Knowing what is making your PDF large determines which compression strategy will actually help.
Method 1: metadata cleanup (best for office documents)
Office applications — Word, Excel, PowerPoint, Google Docs — export PDFs with extensive embedded metadata: author name, company, creation and modification timestamps, software version strings, revision history, and document properties. A typical Word export carries 50–200 KB of metadata overhead that is invisible to readers.
Metadata cleanup strips these internal properties and re-encodes the cross-reference table in a more compact format (object streams). The result file is functionally identical — same layout, same fonts, same images — just with the overhead removed. Typical savings: 1–15% for office documents, near zero for already-clean PDFs.

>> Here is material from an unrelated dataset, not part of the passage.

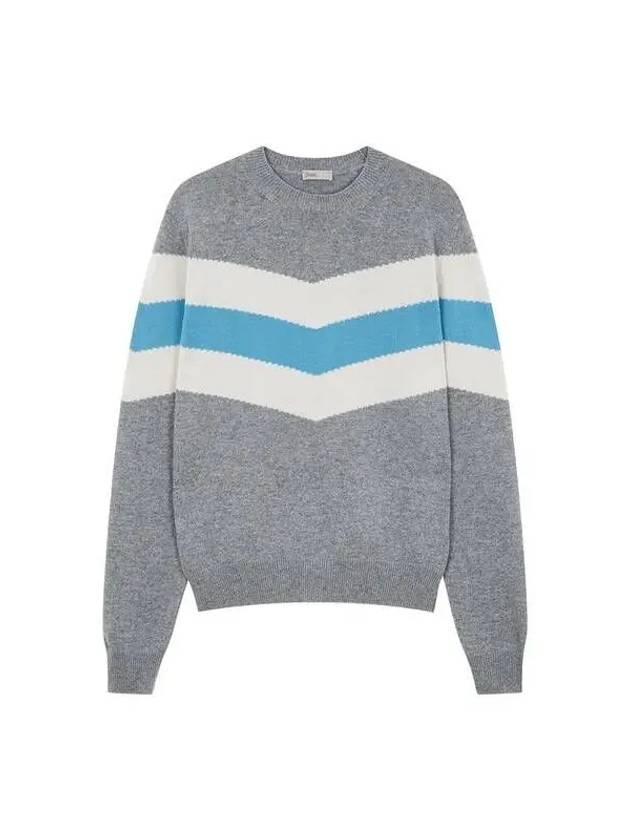 Men s Color Block Wool Crew Neck Knit Melange Gray 271540 - HERNO - BALAAN 1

Use this method when: you want to clean up a Word, PowerPoint, or Google Docs export before sharing. Do not use this for image-heavy scanned documents where the actual image data is what makes the file large.
Method 2: rasterized compression (best for scans and image PDFs)
Rasterized compression renders each PDF page to a canvas at a reduced scale, re-encodes it as JPEG at your chosen quality level, and rebuilds a new PDF containing those JPEG images. This directly addresses the main size driver — embedded image data.
A scanned 20-page contract that is 40 MB can be reduced to 4–8 MB with rasterized compression at 70% JPEG quality. A design portfolio that is 80 MB can become 10–20 MB. The trade-off is that text in the output PDF is no longer selectable or searchable — every page becomes a JPEG image. This is acceptable for archiving, sharing, or printing, but not for a PDF where the recipient needs to copy text or where the text must be machine-readable.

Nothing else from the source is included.